The CICS translator, by default, assumes that programs written
in the C or C++ language have been edited with the EBCDIC Latin-1 code page IBM®-1047.
If you have used an alternative code page, you can specify this
in a pragma filetag directive at the start of the application program. The
pragma statement must be the first non-comment statement in the program, and
the filetag directive must be specified before any other directive in the
pragma statement. The CICS® translator scans for the presence of the filetag directive.
The CICS translator only supports the default code page IBM-1047,
the Danish EBCDIC code page IBM-277,
the German EBCDIC code
page IBM-273, and the Chinese EBCDIC code pages IBM-935 and IBM-1388.
For example, if the program has been prepared with an editor using the German EBCDIC code page, it should begin with the following directive:
??=pragma filetag ("IBM-273")
If your application program uses a mix of different code pages
(for example, if you are including header files edited in a code page different
to that used for the ordinary source files), all of the files must include
the pragma filetag directive, even if they are in the default code page IBM-1047.

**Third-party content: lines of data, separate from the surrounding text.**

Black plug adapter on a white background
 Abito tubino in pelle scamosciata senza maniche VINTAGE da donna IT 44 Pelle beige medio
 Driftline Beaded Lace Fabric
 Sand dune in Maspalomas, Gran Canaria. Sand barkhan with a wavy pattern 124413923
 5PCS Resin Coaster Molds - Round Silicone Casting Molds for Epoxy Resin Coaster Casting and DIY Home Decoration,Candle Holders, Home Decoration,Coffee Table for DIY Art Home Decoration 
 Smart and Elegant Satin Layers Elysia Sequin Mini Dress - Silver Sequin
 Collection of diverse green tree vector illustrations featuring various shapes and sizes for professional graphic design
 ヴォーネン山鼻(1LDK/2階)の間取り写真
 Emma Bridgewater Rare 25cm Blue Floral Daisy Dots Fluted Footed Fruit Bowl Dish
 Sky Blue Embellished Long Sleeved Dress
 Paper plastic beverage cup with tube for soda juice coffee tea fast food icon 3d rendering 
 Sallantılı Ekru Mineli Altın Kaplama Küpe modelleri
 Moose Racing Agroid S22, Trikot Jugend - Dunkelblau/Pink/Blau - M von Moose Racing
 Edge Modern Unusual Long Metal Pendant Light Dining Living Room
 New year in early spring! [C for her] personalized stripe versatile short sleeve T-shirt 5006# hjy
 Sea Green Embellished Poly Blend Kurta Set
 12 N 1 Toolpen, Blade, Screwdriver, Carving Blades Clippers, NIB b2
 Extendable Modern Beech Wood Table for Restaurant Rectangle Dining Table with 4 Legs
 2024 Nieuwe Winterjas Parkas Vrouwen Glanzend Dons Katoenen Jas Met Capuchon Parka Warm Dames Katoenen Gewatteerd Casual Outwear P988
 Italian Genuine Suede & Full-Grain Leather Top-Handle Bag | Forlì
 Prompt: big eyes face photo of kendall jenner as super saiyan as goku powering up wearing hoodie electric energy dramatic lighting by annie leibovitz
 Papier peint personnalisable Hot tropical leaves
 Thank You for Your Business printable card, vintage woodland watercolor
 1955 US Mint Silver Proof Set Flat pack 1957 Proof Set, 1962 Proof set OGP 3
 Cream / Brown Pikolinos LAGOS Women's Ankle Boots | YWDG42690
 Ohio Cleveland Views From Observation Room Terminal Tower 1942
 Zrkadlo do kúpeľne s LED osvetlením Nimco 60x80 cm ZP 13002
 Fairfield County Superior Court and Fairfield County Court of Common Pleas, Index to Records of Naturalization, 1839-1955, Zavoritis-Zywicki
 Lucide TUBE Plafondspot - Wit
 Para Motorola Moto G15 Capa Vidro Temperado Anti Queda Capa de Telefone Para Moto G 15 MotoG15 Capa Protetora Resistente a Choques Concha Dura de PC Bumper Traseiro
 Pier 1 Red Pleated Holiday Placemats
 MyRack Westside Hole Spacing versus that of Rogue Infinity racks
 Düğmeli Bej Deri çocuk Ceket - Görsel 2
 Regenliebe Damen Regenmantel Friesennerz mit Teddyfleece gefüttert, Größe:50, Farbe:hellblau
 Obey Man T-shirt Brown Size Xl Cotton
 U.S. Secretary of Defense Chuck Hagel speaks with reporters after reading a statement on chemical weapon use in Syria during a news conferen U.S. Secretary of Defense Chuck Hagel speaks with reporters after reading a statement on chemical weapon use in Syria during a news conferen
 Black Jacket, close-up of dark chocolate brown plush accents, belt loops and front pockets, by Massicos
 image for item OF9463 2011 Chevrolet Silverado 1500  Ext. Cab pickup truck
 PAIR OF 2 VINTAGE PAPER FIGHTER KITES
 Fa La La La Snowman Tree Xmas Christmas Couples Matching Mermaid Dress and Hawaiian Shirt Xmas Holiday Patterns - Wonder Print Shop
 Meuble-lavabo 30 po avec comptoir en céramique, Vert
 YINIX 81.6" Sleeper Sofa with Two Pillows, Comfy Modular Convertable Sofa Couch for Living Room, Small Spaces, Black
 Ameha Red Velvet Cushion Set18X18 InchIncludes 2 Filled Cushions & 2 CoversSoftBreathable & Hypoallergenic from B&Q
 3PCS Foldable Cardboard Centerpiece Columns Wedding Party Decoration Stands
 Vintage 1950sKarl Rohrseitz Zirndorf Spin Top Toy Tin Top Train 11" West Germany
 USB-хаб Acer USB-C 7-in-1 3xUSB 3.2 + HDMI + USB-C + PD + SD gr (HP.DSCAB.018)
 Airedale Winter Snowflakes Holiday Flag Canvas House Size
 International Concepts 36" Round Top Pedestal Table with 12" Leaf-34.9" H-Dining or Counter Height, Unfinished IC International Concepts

Some older IBM C compilers which are no longer in service, but
can still be used with the CICS translator, might not support the use of the
pragma filetag directive. Check the documentation for your compiler if you
are not sure whether your compiler supports this. All the IBM C/C++ compilers
that are listed in the topic "High-level language support" in the CICS Transaction Server for z/OS® Release Guide
which are still in service support the use of the pragma filetag directive.